### Exercise data
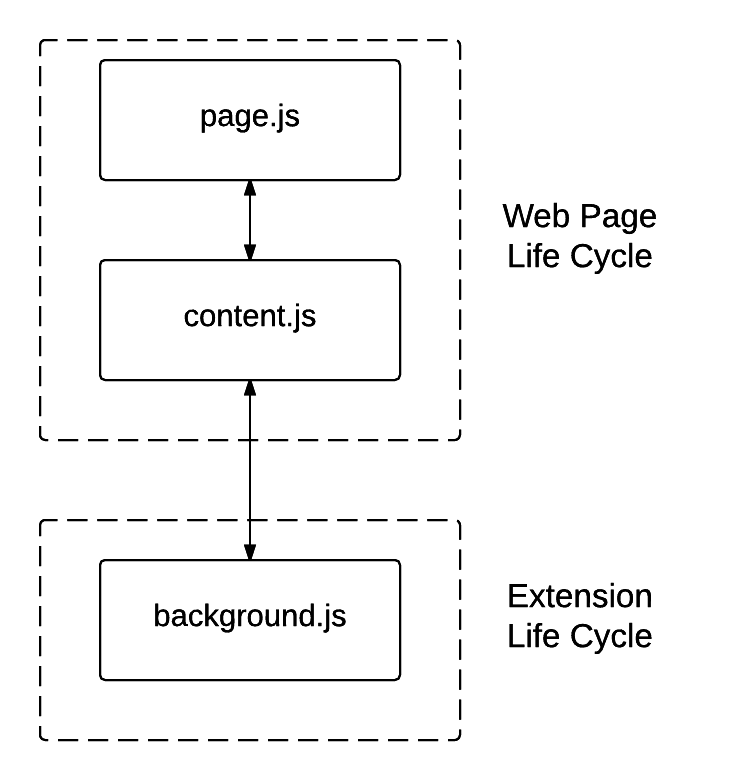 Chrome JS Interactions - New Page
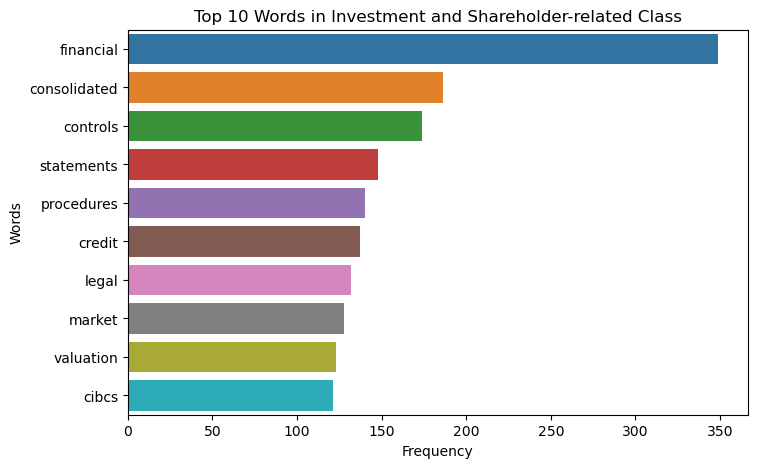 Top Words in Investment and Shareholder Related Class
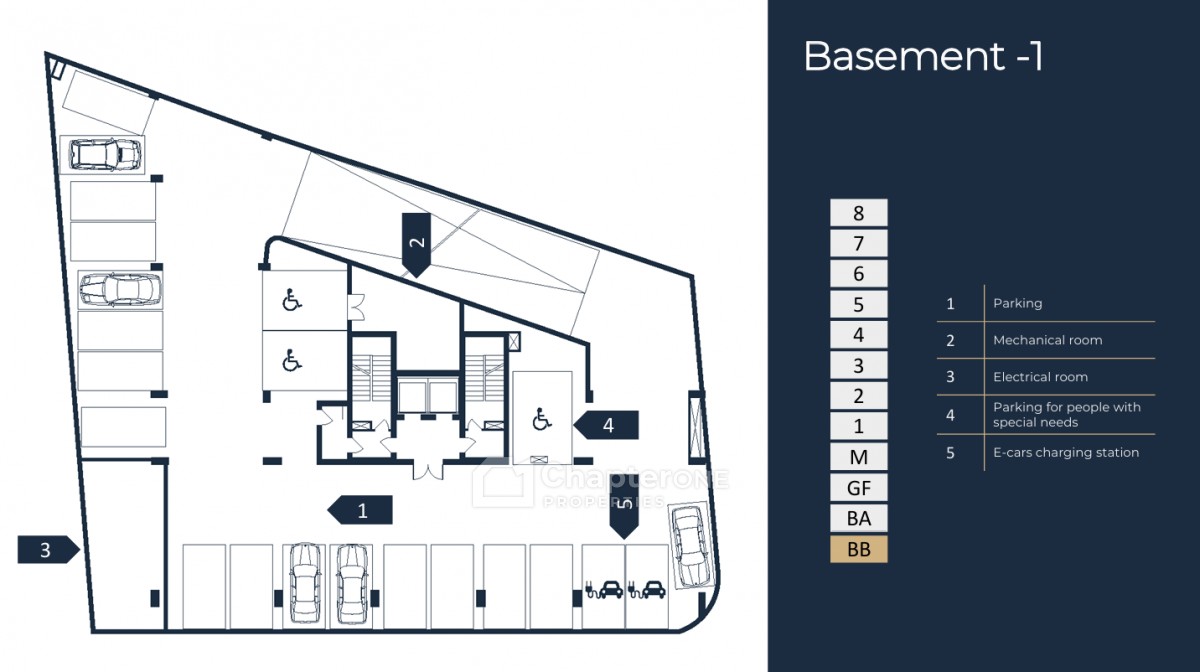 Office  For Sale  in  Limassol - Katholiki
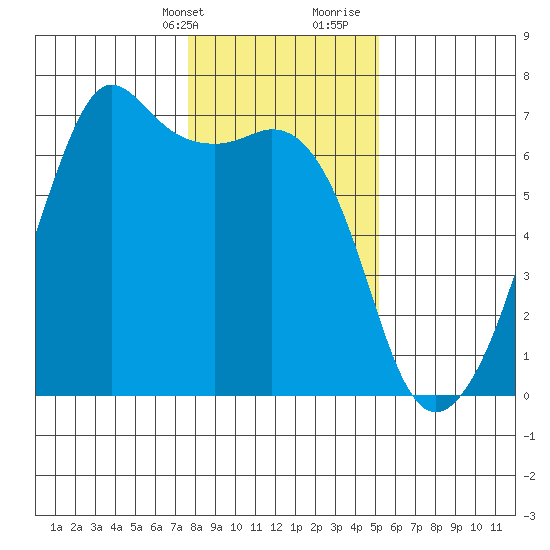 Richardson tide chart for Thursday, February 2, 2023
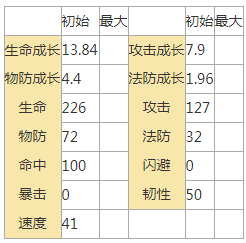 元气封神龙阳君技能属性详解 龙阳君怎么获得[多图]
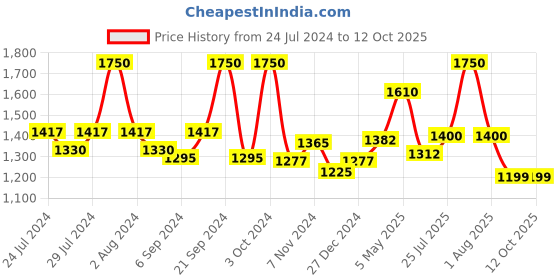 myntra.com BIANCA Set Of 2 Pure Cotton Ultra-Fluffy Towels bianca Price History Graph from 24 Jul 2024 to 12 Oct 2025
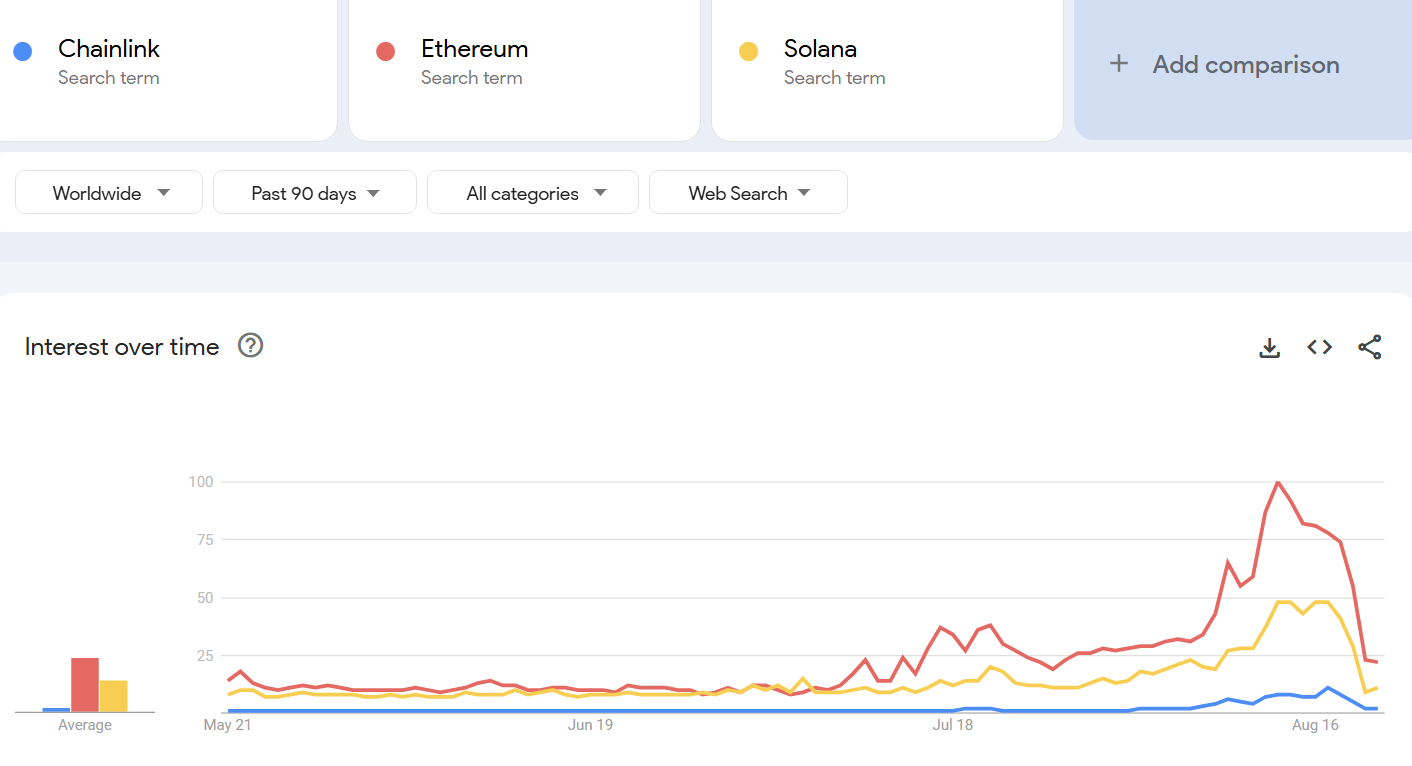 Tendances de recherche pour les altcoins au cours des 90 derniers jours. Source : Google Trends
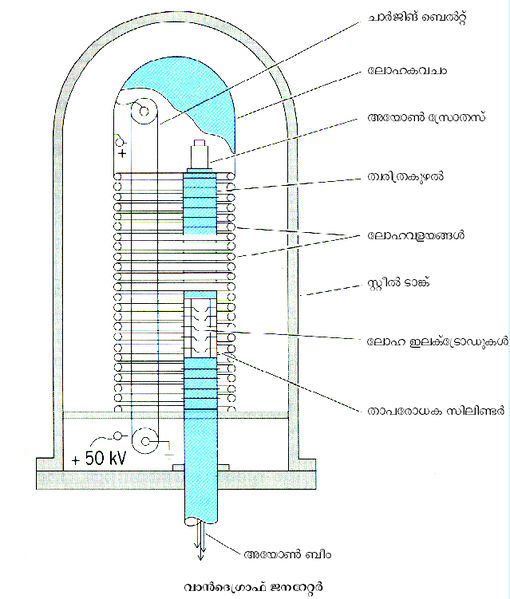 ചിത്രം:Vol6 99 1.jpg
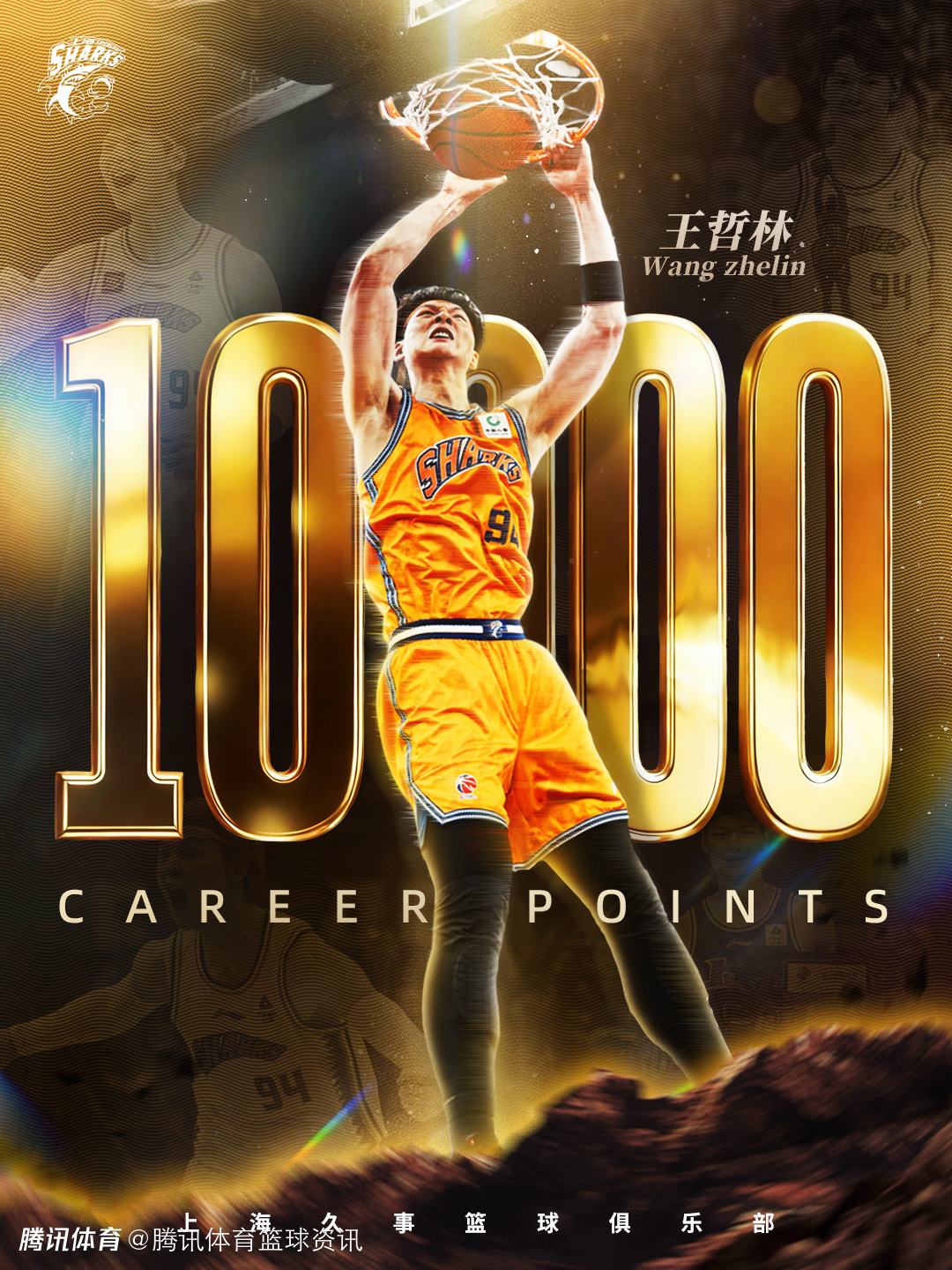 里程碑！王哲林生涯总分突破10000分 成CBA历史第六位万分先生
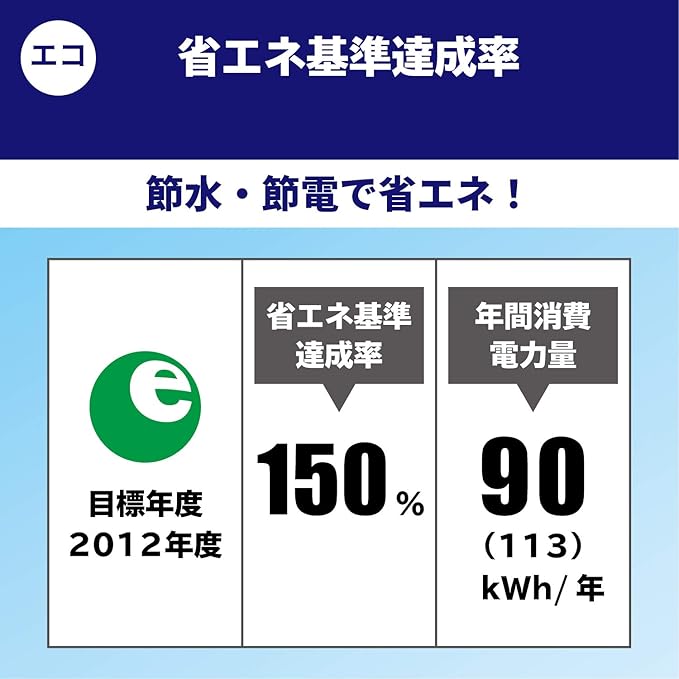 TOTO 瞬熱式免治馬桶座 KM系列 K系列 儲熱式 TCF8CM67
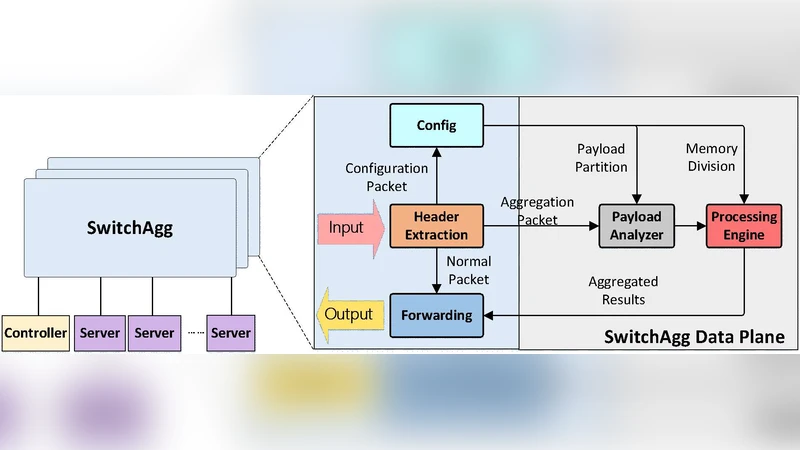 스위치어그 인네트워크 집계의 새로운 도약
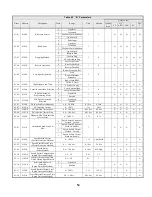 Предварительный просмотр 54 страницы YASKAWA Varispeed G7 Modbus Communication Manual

### Task details
In the data above, find the line containing "myntra.com BIANCA Set", then output it and every later line exactly, without the pictures.

### Written solution
 myntra.com BIANCA Set Of 2 Pure Cotton Ultra-Fluffy Towels bianca Price History Graph from 24 Jul 2024 to 12 Oct 2025
 Tendances de recherche pour les altcoins au cours des 90 derniers jours. Source : Google Trends
 ചിത്രം:Vol6 99 1.jpg
 里程碑！王哲林生涯总分突破10000分 成CBA历史第六位万分先生
 TOTO 瞬熱式免治馬桶座 KM系列 K系列 儲熱式 TCF8CM67
 스위치어그 인네트워크 집계의 새로운 도약
 Предварительный просмотр 54 страницы YASKAWA Varispeed G7 Modbus Communication Manual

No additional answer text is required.